Three other Brit voices were also being heard. John Lennon — already a star in America because of his Beatles tag — was at the start of his long fight to sought permission to remain in the country as a permanent resident.
The second was Marc Bolan, the mastermind of the English rock group T. Rex. Like Bowie, he portrayed an androgynous look that continues to influence people like Lenny Kravitz and Kate Moss. In 1971, his group gave the world Electric Warrior, a flamboyant album. “I am my own fantasy. I am the ‘Cosmic Dancer’ who dances his way out of the womb and into the tomb on Electric Warrior,” the singer had told Record Mirror.
And there’s Rod Stewart with his Every Picture Tells a Story, an album that rocks as hard as any from the era and is unabashedly personal, more so on the track, Maggie May. “I met an older woman who was something of a sexual predator. One thing led to the next, and we ended up nearby on a secluded patch of lawn. I was a virgin, and all I could think is, ‘This is it, Rod Stewart, you’d better put on a good performance here or else your reputation will be ruined all over North London.’ But it was all over in a few seconds,” he described the encounter in an interview with The Wall Street Journal. A few years later, he made the US his home for some decades.
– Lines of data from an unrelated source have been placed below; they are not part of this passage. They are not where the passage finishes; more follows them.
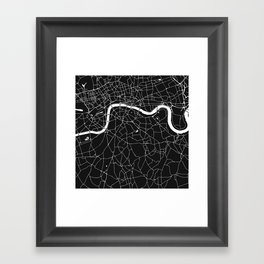 London Black on White Street Map Framed Art Print
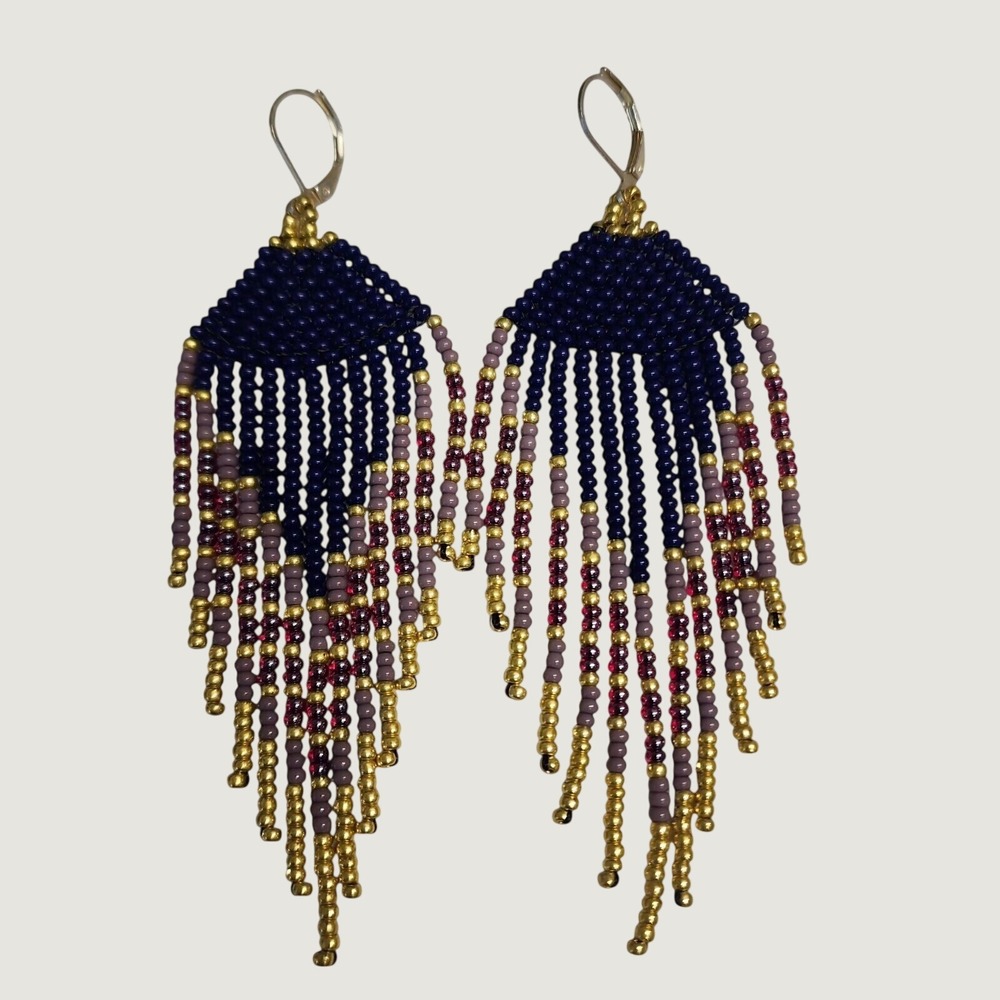 Navy Gold Seed Bead Fringe Earrings Handcrafted Boho Drop.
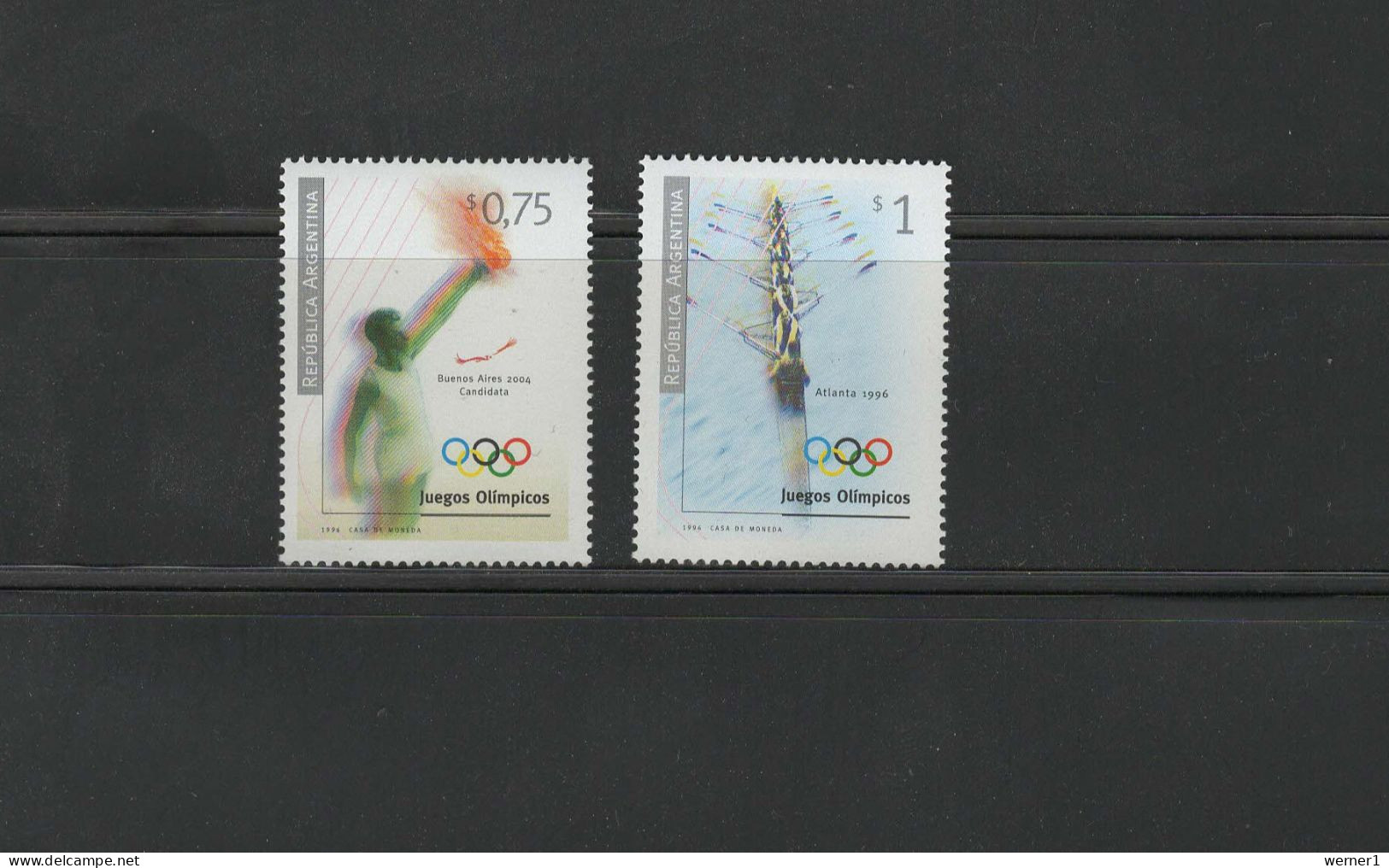 Argentina 1996 Olympic Games Atlanta, Rowing Etc. Set Of 2 MNH - Sommer 1996: Atlanta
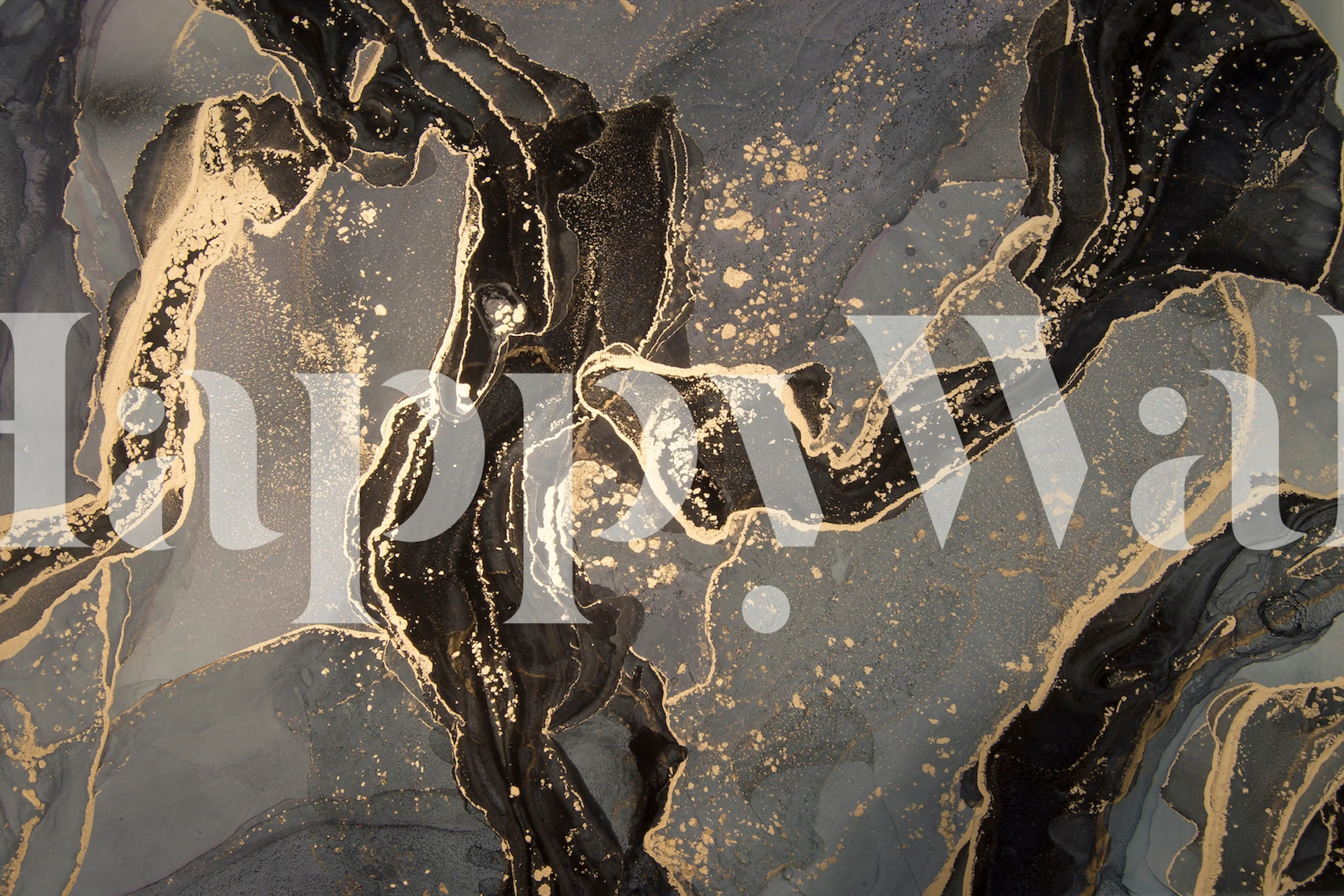 Abstract blue and gold fluid art wallpaper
David Bowie Sourced by the correspondent
A new Europe
Though a number of musicians moved to the US in the 1970s, Europe was witnessing pockets of youth revolution, fuelling a new era of music. Berlin was becoming the unlikely address for artistes and musicians from around the world. After decades of repression and scars of Nazism, the underground scene was suddenly thriving, at least in West Germany and the industrial new generation was discovering new sounds. Kraftwerk (“electric power plant” in German) was at the forefront, abandoning traditional rock instrumentation for what still was experimental synthesiser/electronic technology. In Britain, Pete Townshend was ensuring that the history of music remained inseparable from the history of technology. The synth-driven intro of The Who’s Baba O’Riley heralded a new chapter in music.
Meanwhile, the young in England were on a new journey when the Oz magazine trial brought musicians like John Lennon and Yoko Ono to the streets. The British edition of the magazine started in 1967, a darling of the underground press. By August 1971, it became the target of the longest obscenity trial in British history. At the heart of was the ‘School Kids’ issue of the publication. Three of its editors — Richard Neville, Jim Anderson and Felix Dennis — were charged (and arrested) for conspiring to corrupt the morals of the young. Ultimately released, but they gave birth to the dark Yoko-Lennon song Do The Oz.
At the same time, youngsters were tuning into another revolutionary musician while “Keep Britain White” graffiti was being painted — Bob Marley. It was music that educated the people to not remain silent. Hidden inside 1971’s Soul Revolution is Sun Is Shining, which is said to have come to Marley after listening to Eleanor Rigby. Also from the same album comes Fussing and Fighting. But the other 1971 track we can’t forget is the scorching Trenchtown Rock (non-album single).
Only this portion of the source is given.